Run experiments and keep track of what you tried: Sometimes it becomes almost impossible to keep track of everything that is happening during the prototyping process if you and your team do not maintain a register accordingly. As a result, you might miss out on something incredible that happened during the prototyping process. Summarize the experiments during the prototyping process along with the suitable metrics in a platform like FloydHub or a spreadsheet with git commits and their results. The following figure represents this idea beautifully:

Analyze model behavior. Did it do what you wanted? Is your north star metric improving? If not, then figure out why. A good starting point is to analyze the bias-variance decomposition happening within the network. TensorBoard can be a big help, as it enables you to visualize the training behavior of your network very effectively with a number of customization options. Iterate on the hidden spots of your data as suggested in Becoming One With the Data article.

Now, we’ll discuss a very crucial sanity-checking mechanism that can help in identifying a lot of hidden bugs in a model and sometimes in the data preprocessing steps as well.

Overfitting a Single Batch of Data

ML dev speed hack #0 - Overfit a single batch
- Before doing anything else, verify that your model can memorize the labels for a single batch and quickly bring the loss to zero
- This is fast to run, and if the model can't do this, then you know it is broken
— Tom B Brown (@nottombrown) July 30, 2019

This sanity check is too often overlooked!
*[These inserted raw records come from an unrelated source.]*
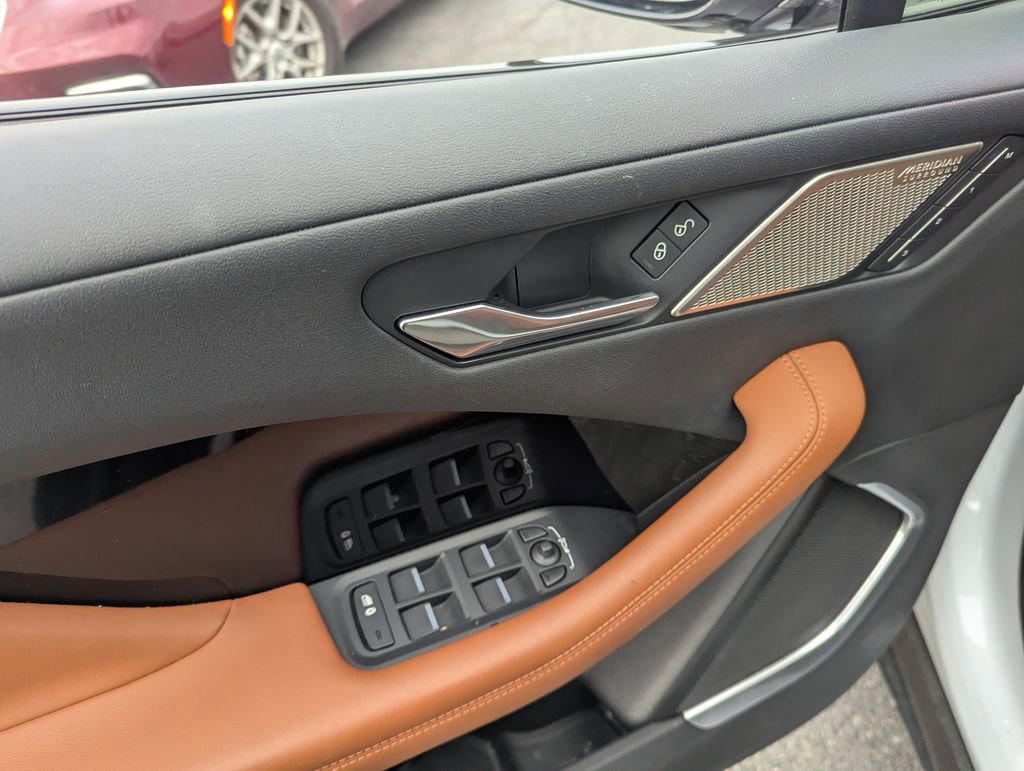 Used 2020 Jaguar I-PACE SE image 24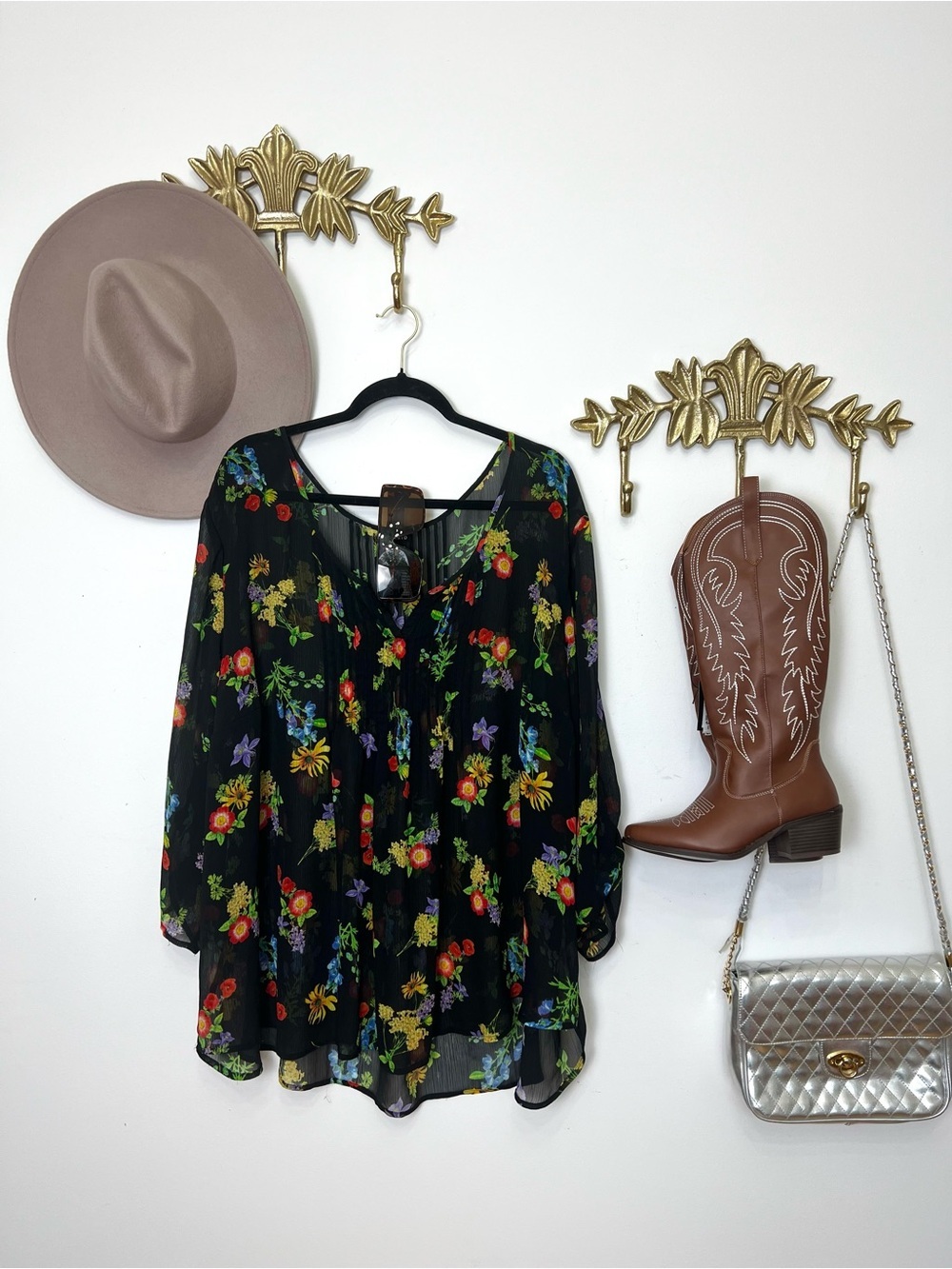 Women's Black Floral Peasant Blouse 3X ptp 31” l 32”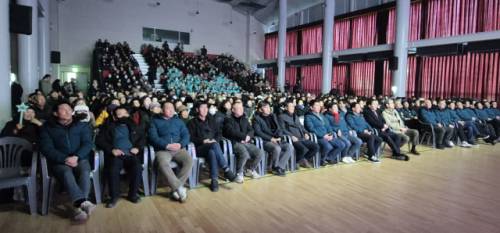 ‘2026 평창송어축제’ 폐막식이 지난 9일 평창송어종합공연체험장에서 지역 주민과 자원봉사자 등 600여 명이 참여한 가운데 열렸다.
This technique assumes that we already have a model up and running on the given data. Now, we want to be able to get the loss arbitrarily close to zero on a single batch of data. This brings up a number of issues:

The loss could go up instead of down
The loss could go down for a while, then explode
The loss could oscillate across a region
The loss could get down to a scalar quantity (0.01, for example) and not get any better than that

Here is a collection of the most common causes that can result in the above-mentioned issues:

In my experience, I’ve found my most common mistakes are either not loading the data and the labels in the correct order or not applying softmax on the logits.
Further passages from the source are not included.